◆ LISTED RECORDS ◆
========

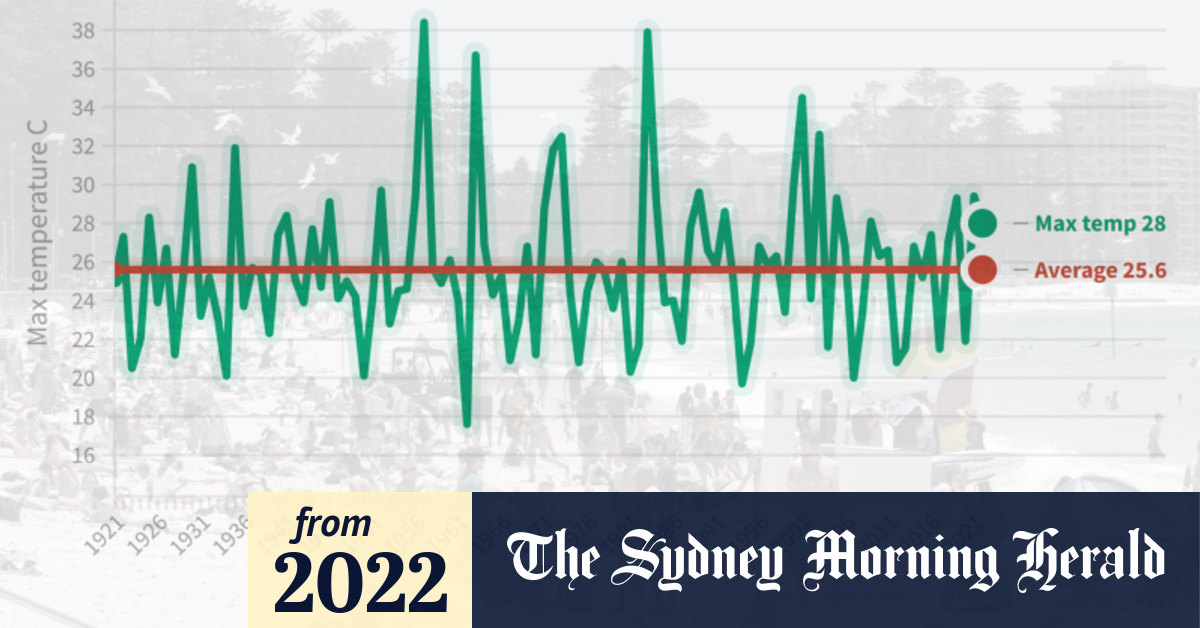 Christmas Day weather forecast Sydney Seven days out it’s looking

========

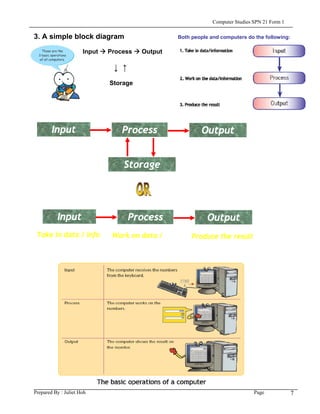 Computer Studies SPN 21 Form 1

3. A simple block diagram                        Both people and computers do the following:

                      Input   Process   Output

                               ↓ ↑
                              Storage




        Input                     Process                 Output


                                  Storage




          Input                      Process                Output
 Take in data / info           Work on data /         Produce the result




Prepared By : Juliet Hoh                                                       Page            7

========

◆ REQUIREMENT ◆
Using the entries above, return each line that includes the word "Input".

◆ ANSWER SPACE ◆
                      Input   Process   Output
        Input                     Process                 Output
          Input                      Process                Output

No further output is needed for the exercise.